Healthcare expenditure Health policy Life expectancy Infant mortality Under-5 mortality Predictive preventive personalized medicine 


Public spending on healthcare enhances the efficiency of healthcare services and boosts health outcomes, and therefore, establishing a robust health financing system has been a priority among many countries worldwide [1]. However, increasing health expenditure has been challenging even among wealthy countries because of frequent economic recession and rising healthcare costs [2]. In low-income countries, public healthcare spending has been relatively low, despite the potential benefits that could be achieved in regard to health outcomes [3]. The little public healthcare spending that happens in these countries is mainly financed with insufficient tax revenues, internal and external loans and restricted foreign grants [3]. Other healthcare funding sources available are either private or out-of-pocket payments, fee-for-service and private health insurance schemes [3, 4, 5].

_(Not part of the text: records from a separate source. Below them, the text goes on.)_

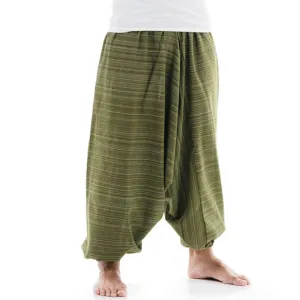 Men's Pinstripe Drop Crotch Harem Pants Jungle Green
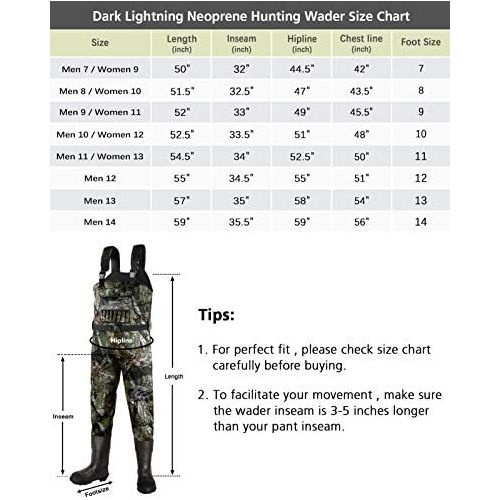  [아마존베스트]Dark Lightning Mens Womens Neoprene Waders with 800g Insulated Wellington Boots Mens Womens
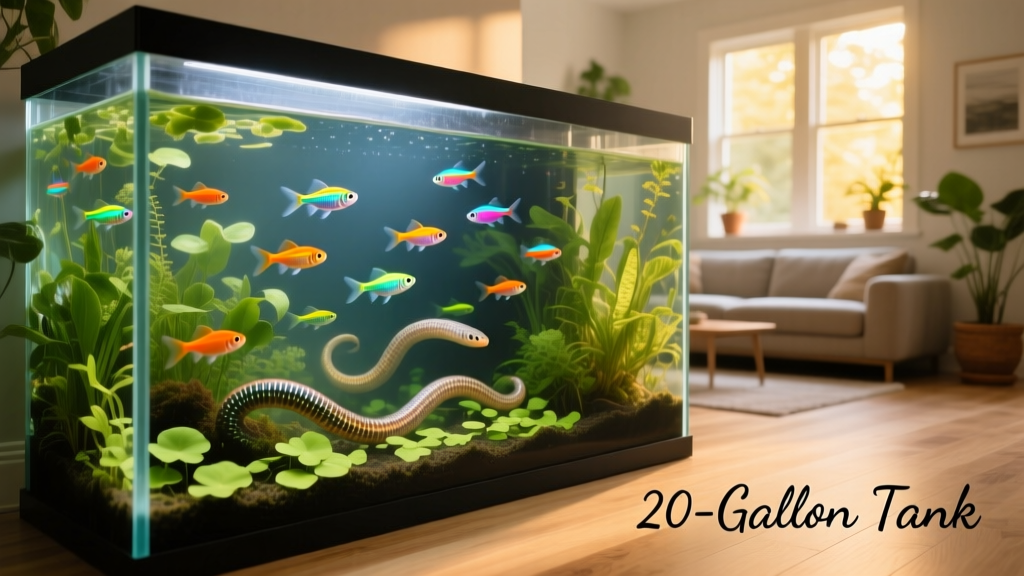 A lushly planted 20-gallon long aquarium with neon tetras, kuhli loaches, and floating duckweed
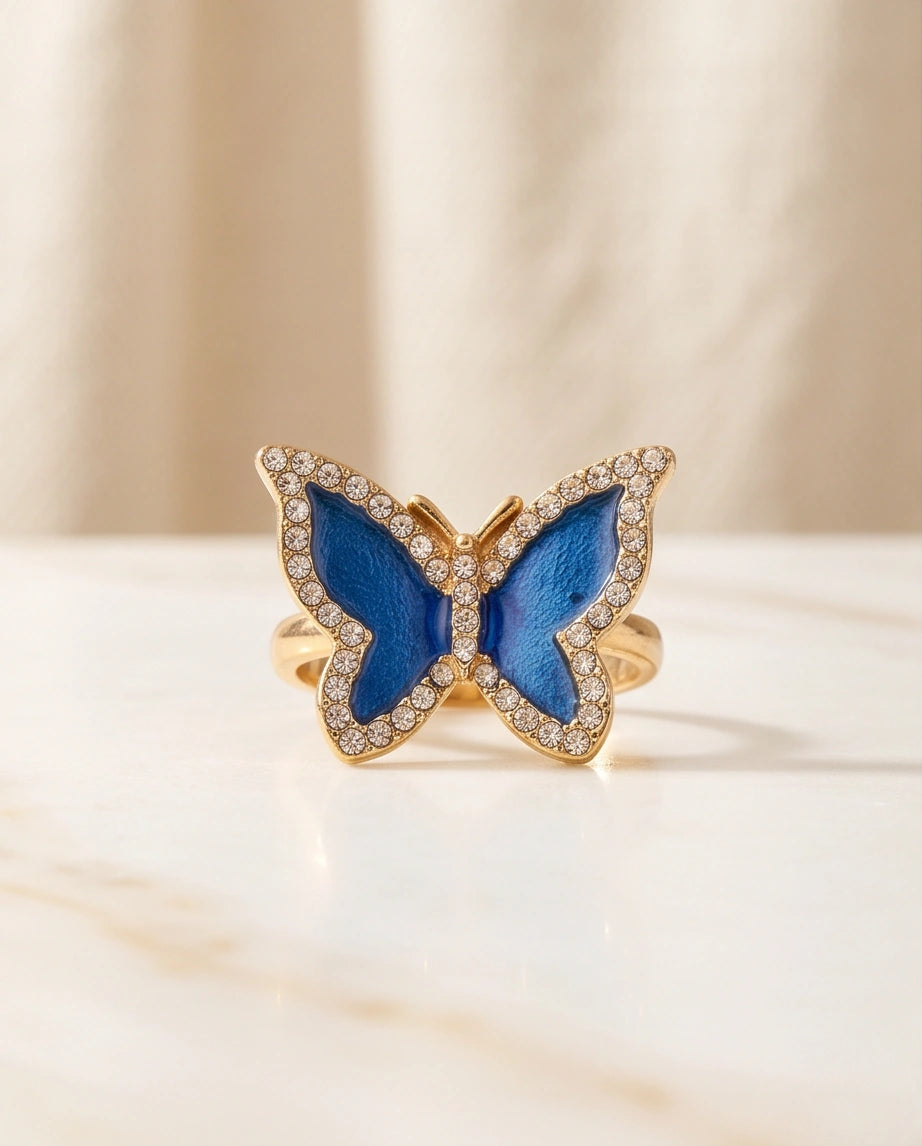 Gold Plated Royal Blue Enamel Butterfly Statement Ring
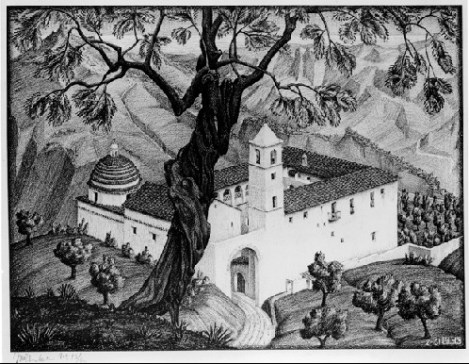 Cloister near Rocca Imperiale, Calabria by M.C. Escher 
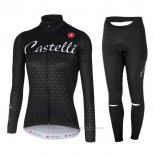 2017 Maillot Cyclisme Femme Castelli Noir Manches Longues et Cuissard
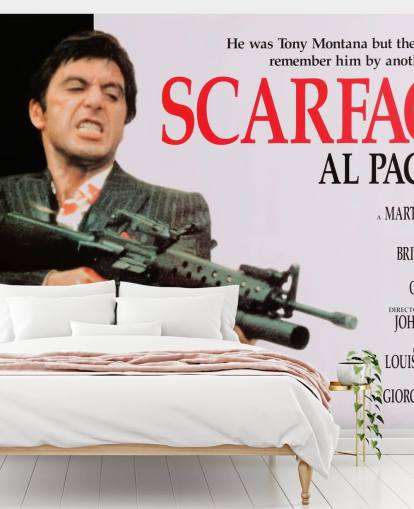 mural de pared con póster de película Scarface en colores para dormitorios, salas de estar y salas de cine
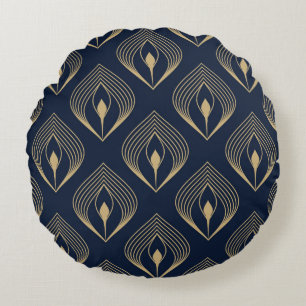 Peacock feather ombre pattern ditzy floral motif. round pillow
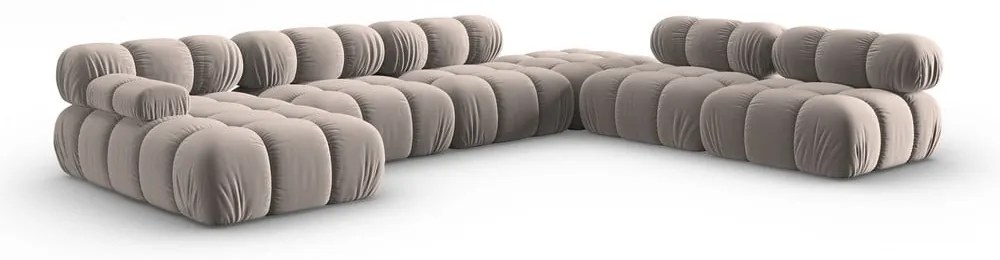 Светлокафяв кадифен модулен ъглов диван (десен ъгъл/U форма) Bellis – Micadoni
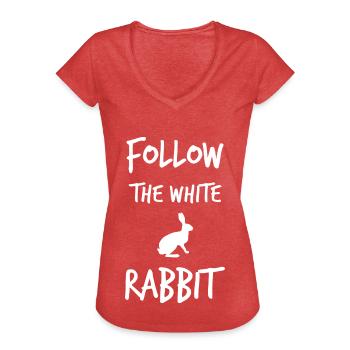 Follow the White Rabbit - Frauen Vintage T-Shirt - Rot meliert - Vorne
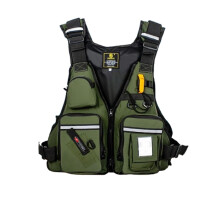 Fly fishing vest with whistle, zipper and adjustable hip belt, jacket with multiple pockets for paddling and kayaking (Green) (50100kg) Green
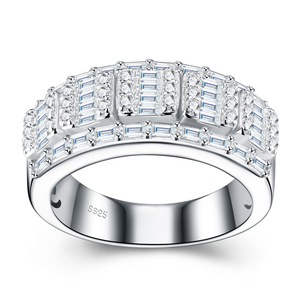 Bague de luxe légère en moissanite style Old Money, en argent 925, ne ternit pas, pour homme, de niche, haut de gamme, vente en gros - Product Image 6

In the past two decades, Ghana has experienced rapid economic growth, along with the increase in spending on health [6, 7]. Since 2001, the country has increased its public healthcare spending by 11%, which is 15% higher than the accompanying increase in government revenues [8]. Concurrently, there has been a tremendous population growth over the past decade with at least 65% of the populace expected to be urban dwellers by 2030 [9, 10]. With this growth in population coupled with ageing, rapid urbanization and increasing adoption of sedentary lifestyle, there could be a shift in focus from communicable diseases (CD) to non-communicable diseases (NCD), which would place further pressure on the scarce healthcare resources [11, 12].

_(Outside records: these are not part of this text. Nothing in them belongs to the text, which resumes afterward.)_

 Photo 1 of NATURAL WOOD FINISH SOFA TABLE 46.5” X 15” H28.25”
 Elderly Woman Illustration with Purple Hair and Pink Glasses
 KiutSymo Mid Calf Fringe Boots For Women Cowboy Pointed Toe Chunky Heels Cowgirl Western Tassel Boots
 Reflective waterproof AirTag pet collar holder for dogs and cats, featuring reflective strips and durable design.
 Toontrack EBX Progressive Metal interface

The positive association between increased healthcare spending on health outcomes has been shown in other studies [3, 11]. Nonetheless, there has to be a reassessment of the impact of healthcare spending in tandem with public healthcare policies on health outcomes. This study presents an overview of healthcare expenditures and health outcomes (i.e. life expectancy, infant mortality and under-5 mortality) in Ghana. The paper also outlines and compares the baseline information in terms of the three health outcomes since the implementation of policies on maternal health and the national health insurance.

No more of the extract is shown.